Wieder eine der Domänenpfründe von Napoleon aufgefunden!

 

 



Administration de
l`Enrig. = (Enregistrement)  Ordes Domaines de
la Belgiques

 

Verkehrssteuern hießen früher die auf den Umlauf von Gütern gelegten Abgaben, wie Passagezölle, Brücken-, Wegegelder; zu denselben werden auch noch heute die in Frankreich, Italien, Österreich und England vorkommenden Transportsteuern gerechnet. 
Doch versteht man unter Verkehrssteuer jetzt vorwiegend Abgaben, welche unter verschiedenen Benennungen (Kaufaccise in Baden, Konfirmationstaxe früher in Nassau, Handänderungsabgabe in einigen Kantonen der Schweiz, Registrierungsgebühr, bez. Enregistrement in Frankreich = Stempelsteuer etc.), ohne den Personal-, Ertrags- oder Aufwandsteuern zugerechnet werden zu können, den Verkehr mit Vermögenswerten belasten. Auch rechnet man denselben manchmal unter dem Titel von Gebühren auftretende Abgaben zu, welche bei Gelegenheit bestimmter Handlungen oder bei gewissen Vorgängen an Sachgütern erhoben werden. 

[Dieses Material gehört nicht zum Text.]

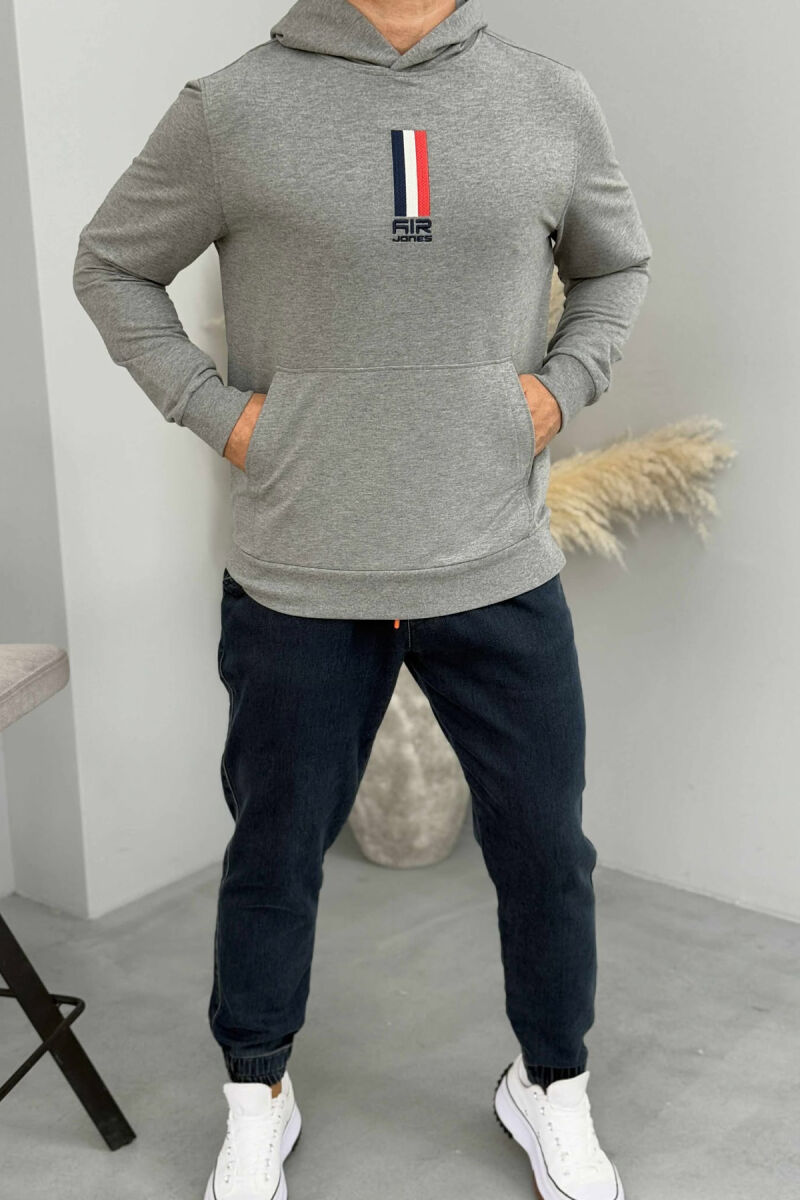 ONE COLOR FRONT LOGO MEN HOODIE GREY/GRI - 1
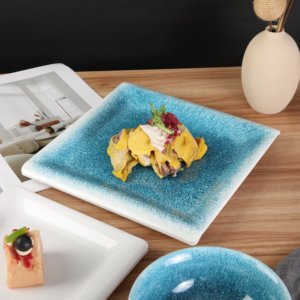 Assiette en mélamine moderne A5 bleu diamant, 8 pouces, carrée, rectangulaire, brillante, écologique, durable, vaisselle de camping en gros - Product Image 1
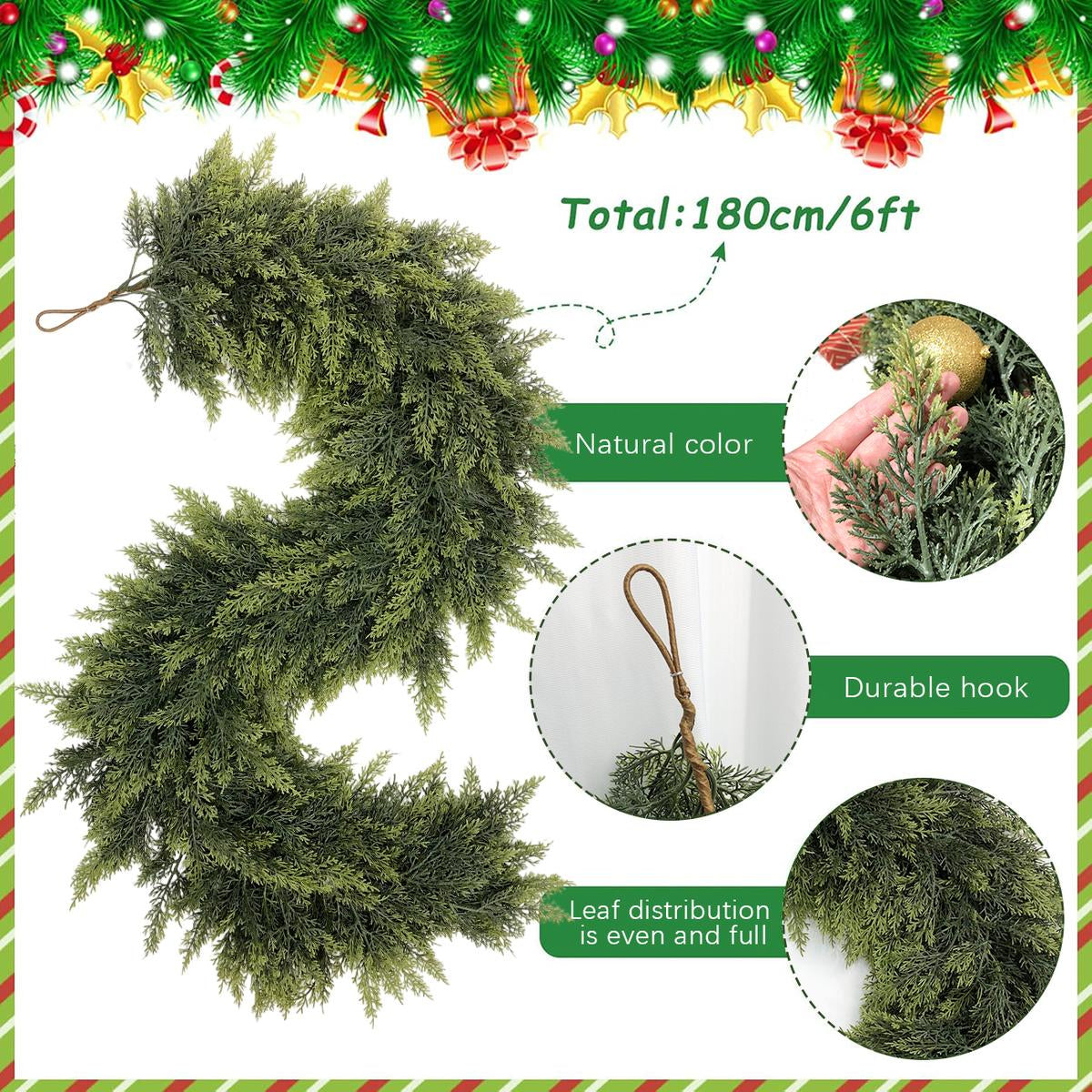 6FT Artificial Cedar Garlands (2-Pack) 🌿✨ Real-Touch Christmas Greenery for Holiday Decor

Die wichtigsten derselben sind: 

I. Die Steuer vom Verkehr unter Lebenden. 
Hierher gehören:
1) die Immobiliarverkehrssteuer, welche bei Liegenschaftsveränderungen (Verkauf von Grundstücken) unter Lebenden erhoben wird oder auch die Nutzungen unbeweglicher Sachen bei der Vermietung oder Verpachtung trifft;
2) die Steuer vom Verkehr mit beweglichen Vermögenswerten, wie die Steuer auf Schenkungen unter Lebenden als Ergänzung der Erbschaftssteuer, auf quittierte Zahlungen (Quittungssteuer), auf Emission und Übertragung von Wertpapieren (Börsensteuer), überhaupt auf Geschäftsabschlüsse in Effekten oder auch in Waren (Umsatz-, Schlussstempel), auf Bildung oder Auflösung von Kapitalassociationen (Aktiengesellschaften, Genossenschaften), auf Spieleinlagen und Glücksgewinne etc.;
3) die Steuer auf Sicherungs- und Versicherungsverträge, insbesondere auf Realversicherungen;
4) auf den Verkehr mit Dienstleistungen, wie Schaustellungen, Konzerte (mehr zu den Aufwandsteuern gehörig);
5) auf Zeitungen, Annoncen, Vollmachten, Zeugnisse etc. (teils echte Aufwandsteuern, teils Gebühren, welche wegen ihrer Höhe Steuercharakter annehmen). 

II. Die Steuer vom Vermögensverkehr von Todes wegen als Erbschaftssteuer. 

Dann ist noch hierher zu rechnen 

III. das vom Besitz der Toten Hand erhobene Gebührenäquivalent, welches als Ersatzmittel von Verkehrsteuern dient. 

Man hat die Verkehressteuern damit zu rechtfertigen gesucht, dass man sie als Gebühren auffasste, welche für eine besondere Leistung des Staates entrichtet werden. Doch kommen solche Leistungen bei vielen Verkehrssteuern überhaupt nicht vor. Insbesondere können die meisten Verkehrssteuern nicht als Vergütungen dafür bezeichnet werden, dass der Staat das Eigentum garantiere, eine Begründung, welche nur in beschränktem Maß auf die Erbschaftssteuer Anwendung finden kann.